Are you ready for it?

Here goes: russet potato, peanut oil, salt.

Want to know how? Okay: Pour enough peanut oil in a pan or skillet to cover the bottom. Don't go nuts, you only need enough to just cover the edges of the potato once it's in there. Put the pan with oil over medium-low heat. Slice the (washed and pat dry)potato lengthwise into about 1/4 inch slices, lay the slices flat and cut them to fry size. Lay the potato in the oil, do something else not too far from the stove for 5 minutes or so, come back and flip the fries.Wait another 2-3 minutes, then start turning and checking them. If they're fried-food brown, they're done. Fish them out with your fingers and practice throwing them into your friend's mouth right out of the oil... or, if you'd rather live without being painfully deformed, you can use a long fork or chopsticks and place the fries on some paper towels, or recycled brown paper bag. THEN you shake the salt on (especially if you went for the first option and got grease in someone's eye, add salt to that to soothe the burning. Truxt me. Ahmah doctor.)

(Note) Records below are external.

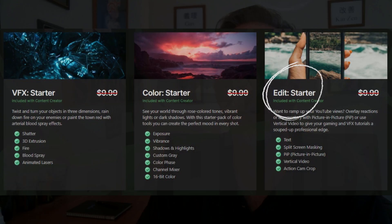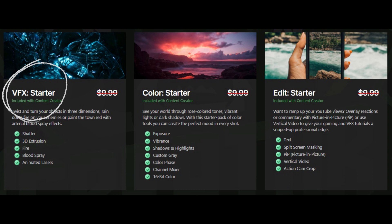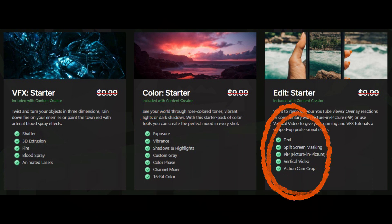This pack comes with all the effects from the Edit Starter Pack, plus the Color Starter Pack and the VFX Starter Pack, which includes Shatter, 3D Extrusion, Fire, Blood Spray, Animated Lasers, Exposure, Vibrance, Shadows and Highlights, Custom Gray, Color Phase, Channel Mixer, 16-bit Color, Text, Split Screen Masking, Picture-in-Picture, Vertical Video, and Action Cam Crop.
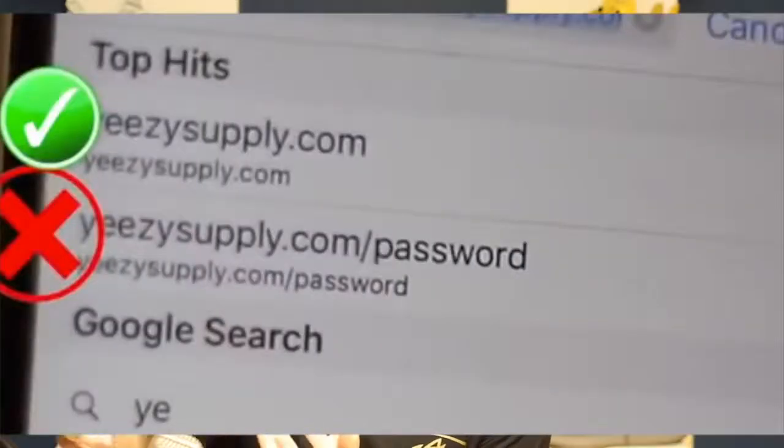Some of you might be saying: what's the point of using a jig? Why can't we just constantly refresh the page? Well, if you try to refresh, it's not going to do anything. Even when the shoes go live, you're just refreshing YeezySupply.com/password, so all you're going to see is the password page.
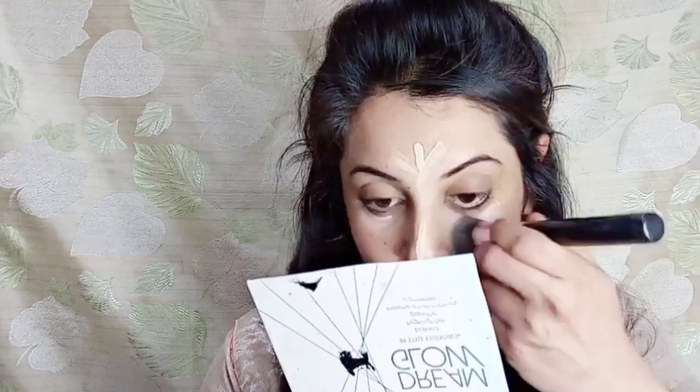First of all, I will put on this concealer from Miss Rose. You will see that the skin tone becomes even, so you don't need any extra foundation. Normally in spring season it doesn't look cakey — it is very fresh, and you should also feel fresh. So you can blend it well.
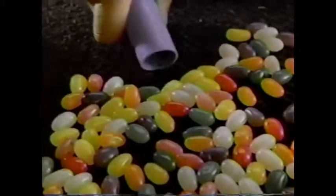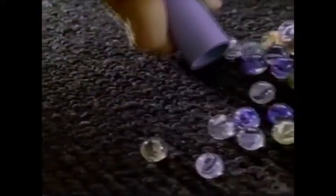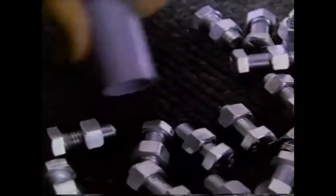What's a good demonstration of how powerful a vacuum is? How about paper clips? Jelly beans? Quarters? Marbles? Three-quarter inch nuts? Three-quarter inch bolts? Three-quarter inch nuts and bolts?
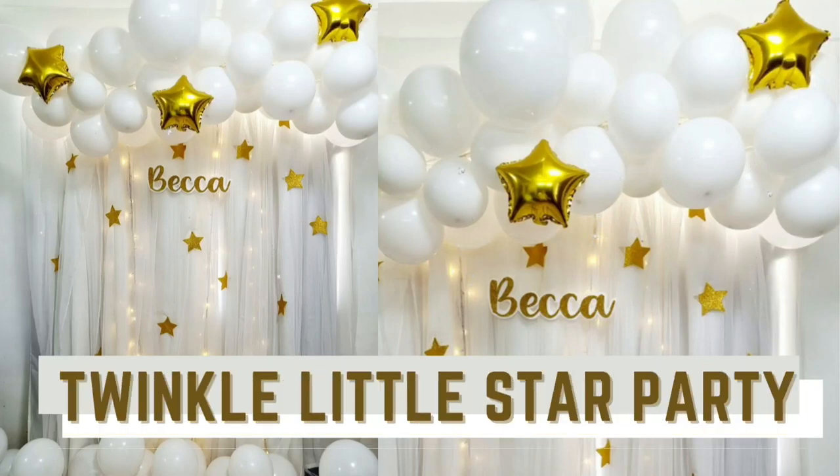In this tutorial, we're going to teach you how to assemble this twinkle little star backdrop, perfect for baptisms or even first birthdays.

So, start-to-finish, anyone can make french fries at home in less time than it takes to get dressed and get experimented on at the fast food drive-by.
(Photos will accompany this all in time.)

It's a Start?

Salutations Friends.

This is the very first post of what I hope will become my regular blog dedicated to the various foods I create day to day. Everyone seems to be cashing in on internet advertising these days, and I'm hoping to get a piece of my own while promoting myself as a Pampered Chef consultant(and hoping to catch the eye of someone who has the resources to put me in charge of a restaurant.)

Bear with me for now. This is only a test. Delicious recipes with accompanying photographs are in the works... along with adsense links to products and services I would recommend, and hopefully a link to my own Pampered Chef website where you'll be able to order the best kitchen tools around. :)

This is it for today. See you soon kids!